Danone and Wahaha said today (30 September) that they have agreed to end their dispute, after Danone agreed to ditch its 51% stake in the two companies' Chinese joint venture.

With allegations of copycat production and lengthy, not to mention costly, legal battles, it is a tale that contains some of the worst nightmares for western companies seeking partners in emerging markets.

There is already evidence that the Wahaha dispute has influenced Danone's strategy in these markets.

The French food and soft drinks giant announced in April that it would pursue growth in India, another key emerging market, on its own. The firm said it was pulling out of a turbulent 13-year joint venture with India's Wadia Group and would seek to grow its business "autonomously" in the country.

Having had its fingers singed, Danone appears sceptical about working with 'local' partners in emerging markets.

From the Wahaha side, it is clear the company believes the dispute with Danone could jeopardise the confidence of foreign investors in China.
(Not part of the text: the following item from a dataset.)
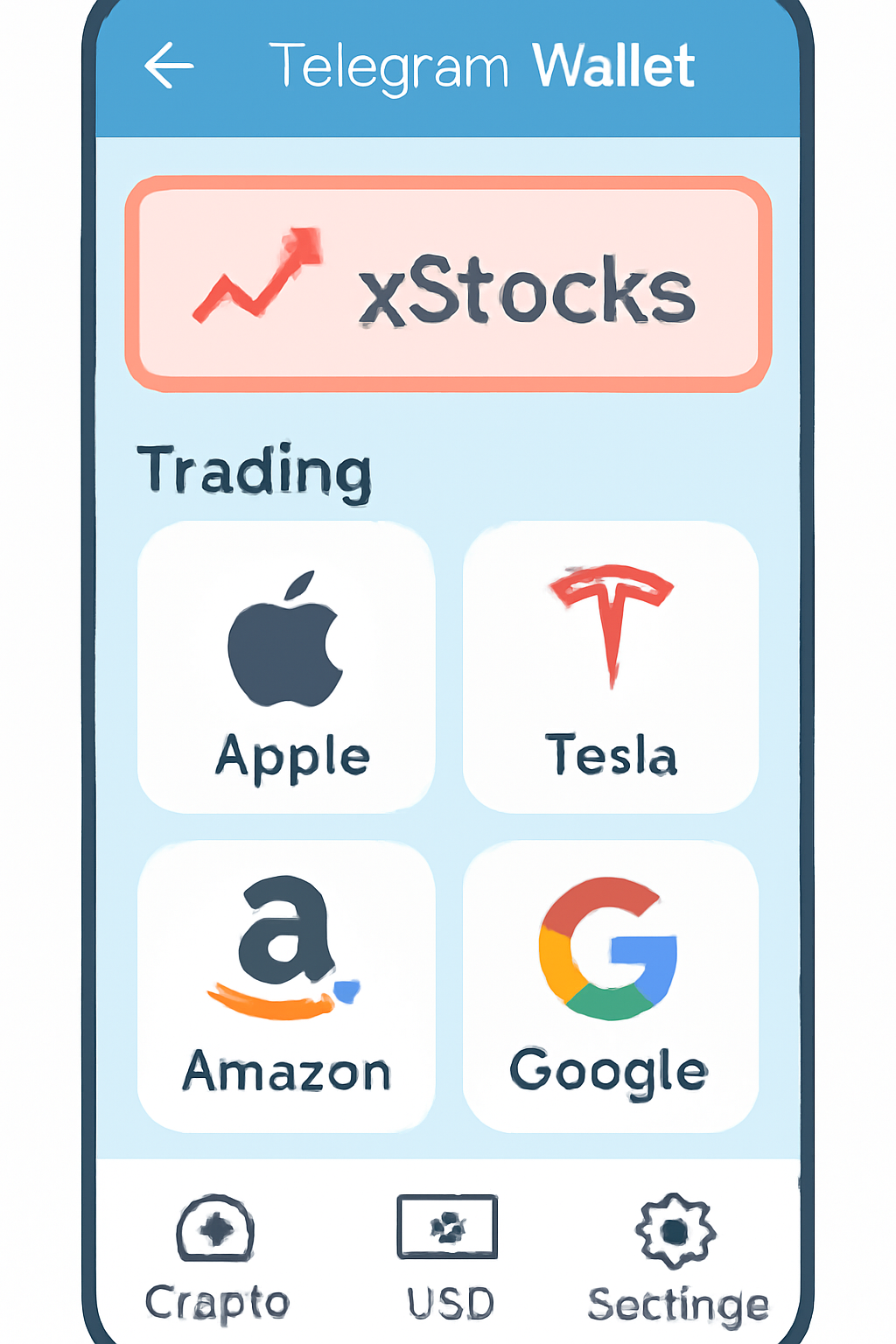 Telegram Wallet interface highlighting xStocks trading section, stock icons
China's Government took part in the peace talks between the two companies and its obsession with presenting a friendly face to outside investors is stamped all over today's official Wahaha statement.

"China is an open country. Chinese people are broad-minded people. Chinese companies are willing to cooperate and grow with the world's leading peers on the basis of equality and reciprocal benefit," chimed Wahaha Group chairman Zong Qinhou.
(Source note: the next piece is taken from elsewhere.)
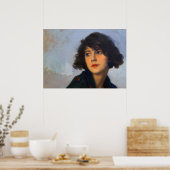 グリーンショール付き女性、キプリエンユージェーンブレット ポスター (キッチン)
The statement is reminiscent of China's strenuous efforts to deny claims of "economic nationalism" after officials blocked Coca-Cola Co's takeover of Huiyuan Juice Group.
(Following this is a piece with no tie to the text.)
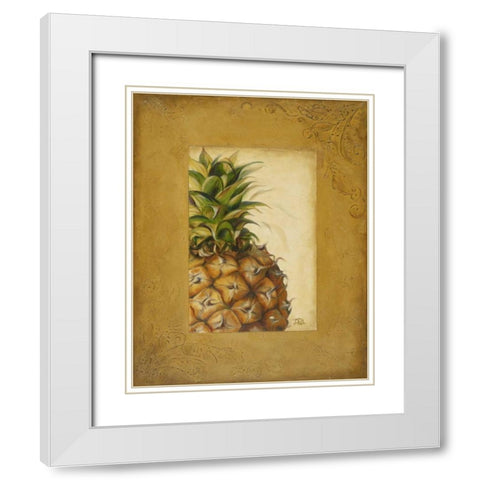 Media PiÃ±a II White Modern Wood Framed Art Print with Double Matting by Pinto, Patricia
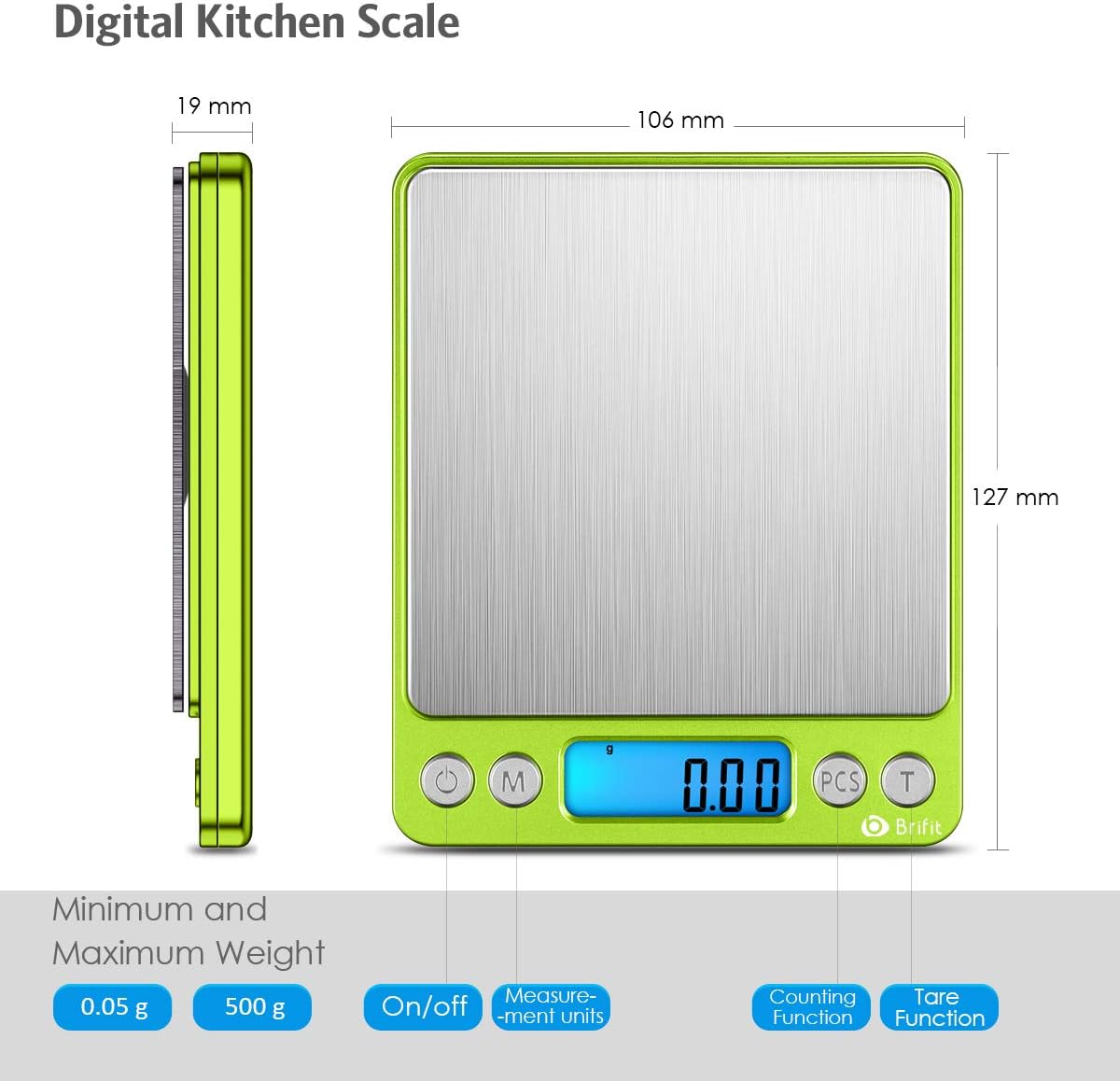 Thumbnail 4 de AMIR Digitale Taschenwaage 500 g × 0,01 g – Feinwaage mit LCD, 6 Einheiten, PCS-Zählung, Tara-Funktion, 2 Ablagen, grün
In the end, companies are not going to turn their backs on so-called 'emerging markets' - the clue, of course, is in the name.

Danone today reiterated its "longstanding commitment" to China. Shortly before Coca-Cola Co was bounced out of the Huiyuan deal, it announced a three-year US$2bn investment plan for China, which is now the soft drinks giant's third largest market in the world by volume.

Multinational drinks companies cannot afford to be absent from the likes of India, China, Russia and Brazil, because of the growth opportunities those countries hold.

But, the Wahaha example will not be lost on those who operate in such markets and it may lead some to rethink their approach.